REQUIRED ACTION: Omit all pictures. Copy exactly the lines from the line containing "TELTREK ScreenGuard Compatible" to the end of the listing, with both ends included.

DATASET EXTRACT:
* * * * * * *
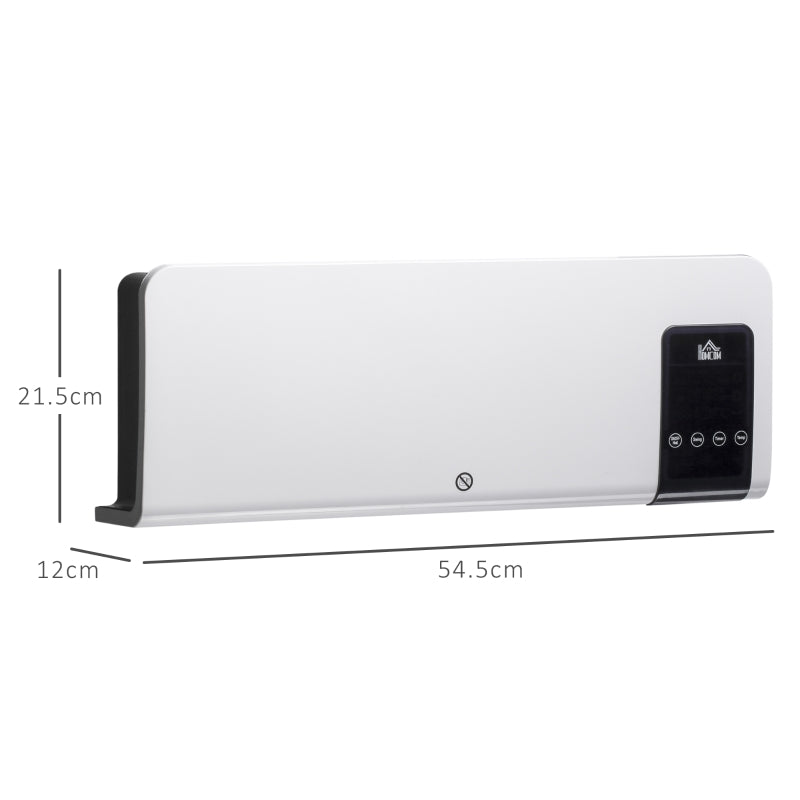 2000W Wall Mounted Electric Heater Adjustable 18 to 45 Degrees Celsius White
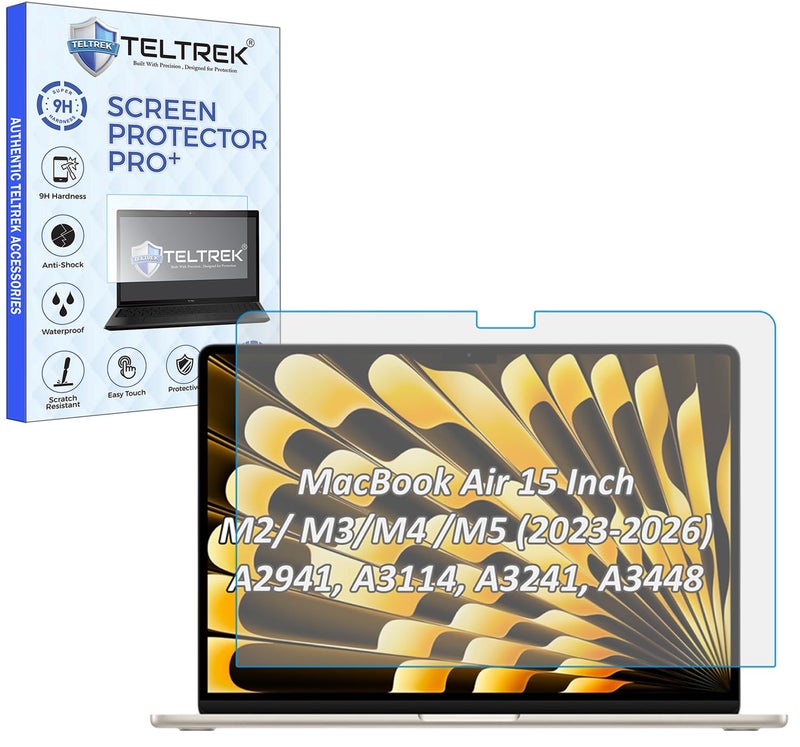 TELTREK ScreenGuard Compatible With MacBook Air 15 inch M2/ M3/M4 /M5 (2023-2026) A2941, A3114, A3241, A3448 Flexible Fiber 9H Hardness Screen Protector Not a Tempered Glass, - Image 1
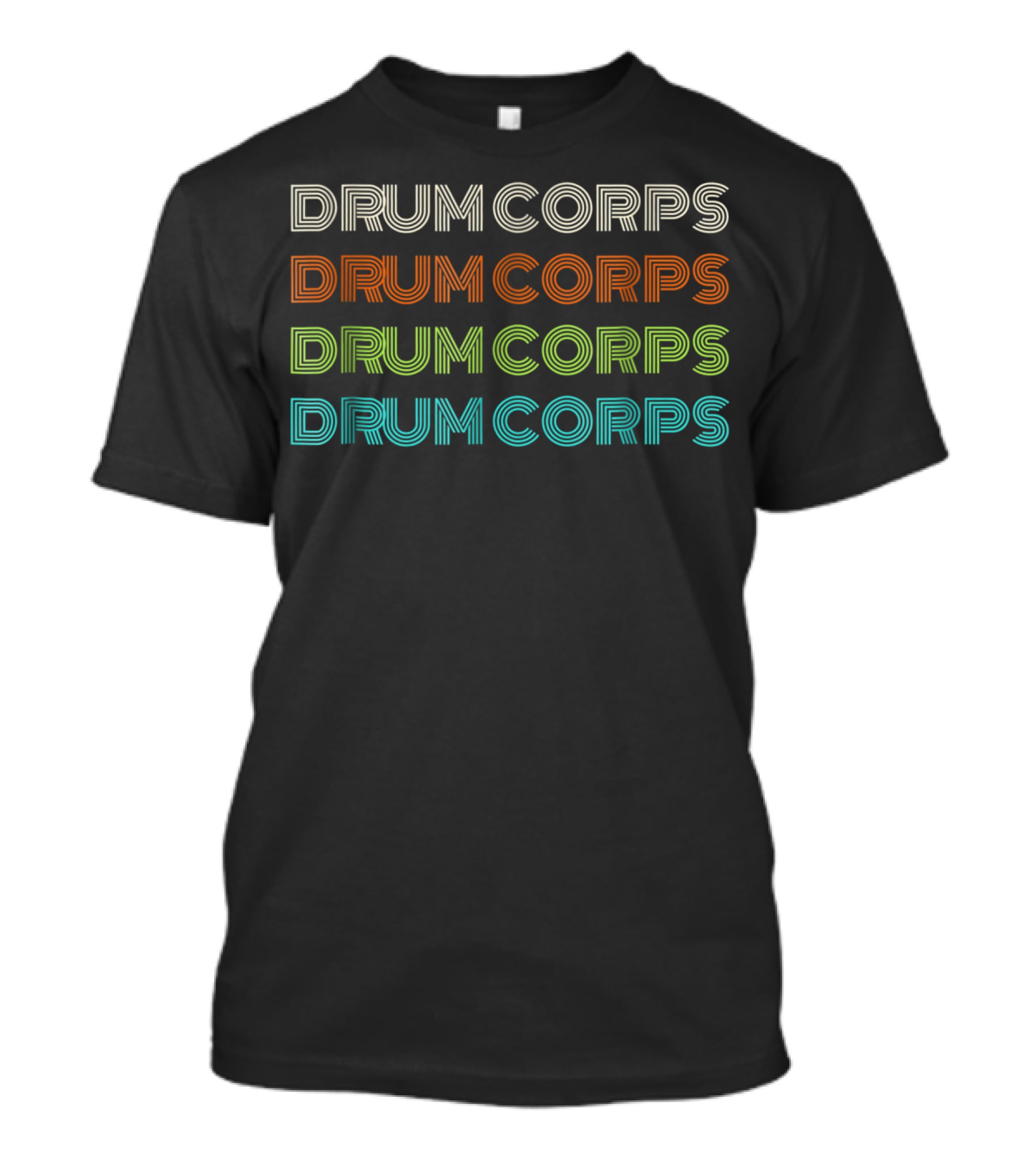 Drum Corps Retro 70s Style Multi-Color Typographic T-Shirt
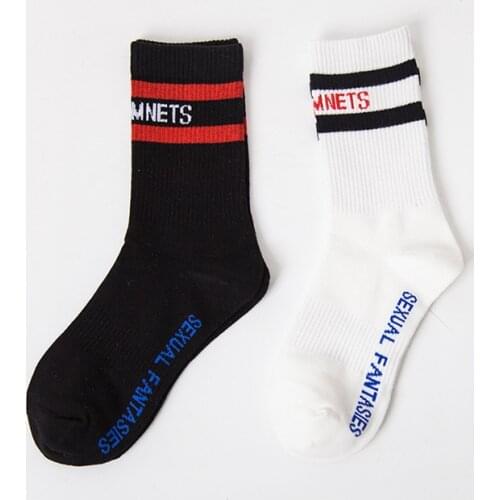 New VT cotton socks, VT letters two bars cotton knit men women couple socks, fashion sports and leisure cotton men women socks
* * * * * * *
TASK OUTPUT:
 TELTREK ScreenGuard Compatible With MacBook Air 15 inch M2/ M3/M4 /M5 (2023-2026) A2941, A3114, A3241, A3448 Flexible Fiber 9H Hardness Screen Protector Not a Tempered Glass, - Image 1
 Drum Corps Retro 70s Style Multi-Color Typographic T-Shirt
 New VT cotton socks, VT letters two bars cotton knit men women couple socks, fashion sports and leisure cotton men women socks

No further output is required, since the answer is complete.